Kaum gewappnet gegen Fake News

Um die Digital- und Medienkompetenz der Achtklässlerinnen und Achtklässler ist es in Deutschland nicht gut bestellt. Das geht aus der aktuellen Vergleichsuntersuchung ICILS hervor. Auch in Dänemark haben sich die Ergebnisse deutlich verschlechtert.

Gut 40 Prozent der Achtklässlerinnen und -klässler in Deutschland fällt es schwer, die Glaubwürdigkeit von Internetseiten einzuschätzen und die Kommunikationsziele des Absenders zu verstehen. Angesichts wachsender Falschinformationen im Internet und des politischen Rechtsrucks ist dies ein bedenklicher Befund. (Foto: mauritius images/KEPORT)

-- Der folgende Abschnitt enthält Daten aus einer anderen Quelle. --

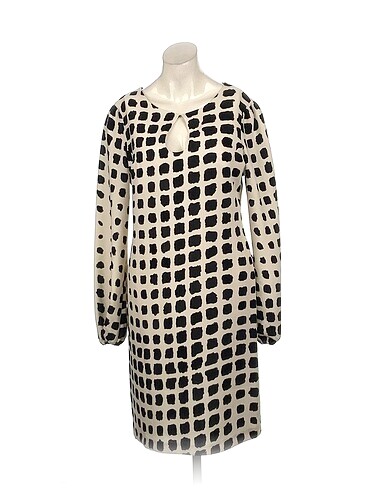 PreLoved Kısa Elbise %70 İndirimli.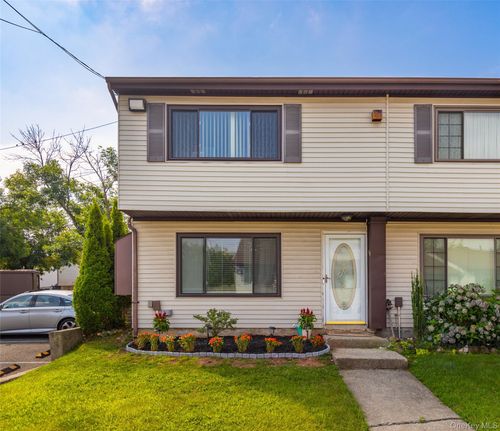 40 Raily Ct, Staten Island, NY, 10312-1677 | Card Image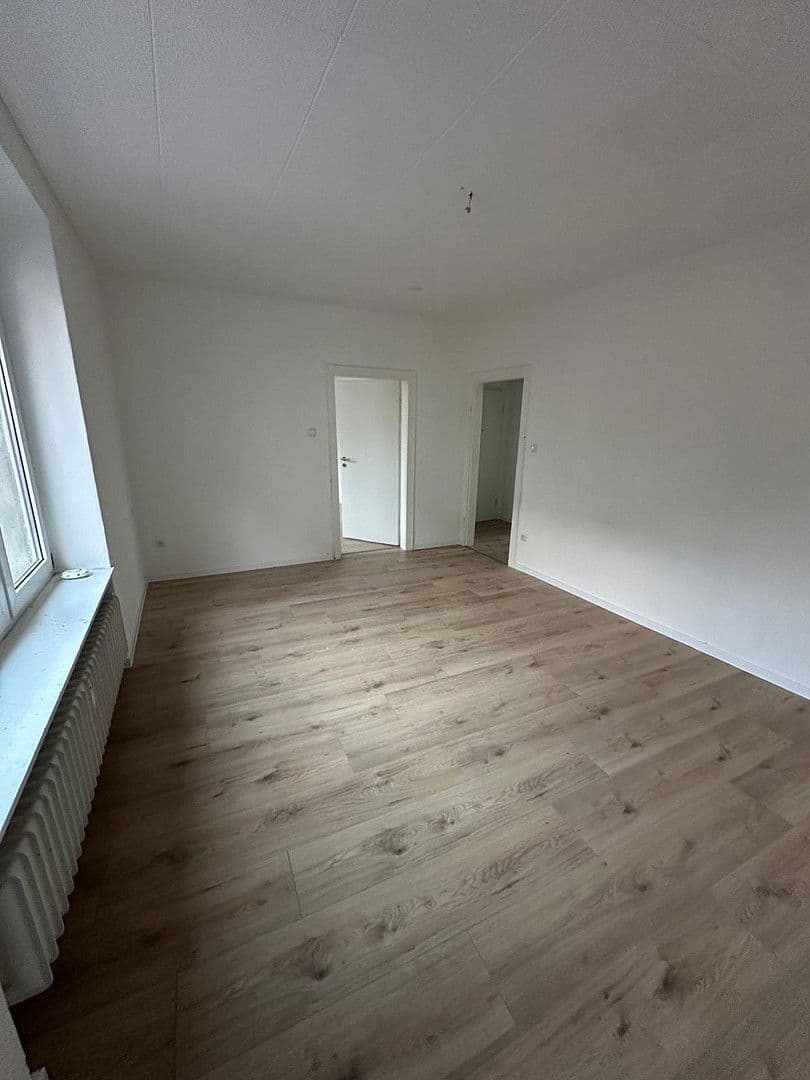 Pronájem bytu 3+1 53 m², Neumärker Straße 7, Helmstedt, Dolní Sasko Pronájem bytu 3+1 53 m², Neumärker Straße 7, Helmstedt, Dolní Sasko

Seine Keynote zur Digitalpakt-Statuskonferenz im November 2024 musste Jakob Chammon, ehemals Schulleiter in Dänemark und heute Geschäftsführer der Deutschen Telekom-Stiftung, kurzfristig ändern. Der Grund: Gerade war die ICIL-Studie 2023 erschienen. Die Vergleichsuntersuchung erfragt die computer- und informationsbezogenen Kompetenzen der Schülerinnen und Schüler der 8. Klasse. Die Ergebnisse für Deutschland zeigen eine deutliche Verschlechterung der Medienkompetenz der Jugendlichen – noch mehr verschlechtert haben sich die Kompetenzen nur in den USA und in Dänemark. Der Hinweis auf das Modellland Dänemark erforderte deshalb einige neue Fußnoten.

Der Anteil der Schülerinnen und Schüler in dem skandinavischen Land, die nur über basale und rudimentäre Kompetenzen verfügen (Kompetenzbereich 1), ist seit 2018 um 10 Prozentpunkte auf fast 25 Prozent gestiegen. 45 Prozent der Jugendlichen sind auf dem Kompetenzniveau 2, können also Computer benutzen und Informationen beschaffen. Allerdings können sie sich auf den Kompetenzstufen 2, 1 oder darunter noch nicht kritisch-reflexiv mit digitalen Medien und dem Internet auseinandersetzen. Die Schülerinnen und Schüler haben Schwierigkeiten, die Glaubwürdigkeit von Internetseiten einzuschätzen und die Kommunikationsziele des Absenders zu verstehen. 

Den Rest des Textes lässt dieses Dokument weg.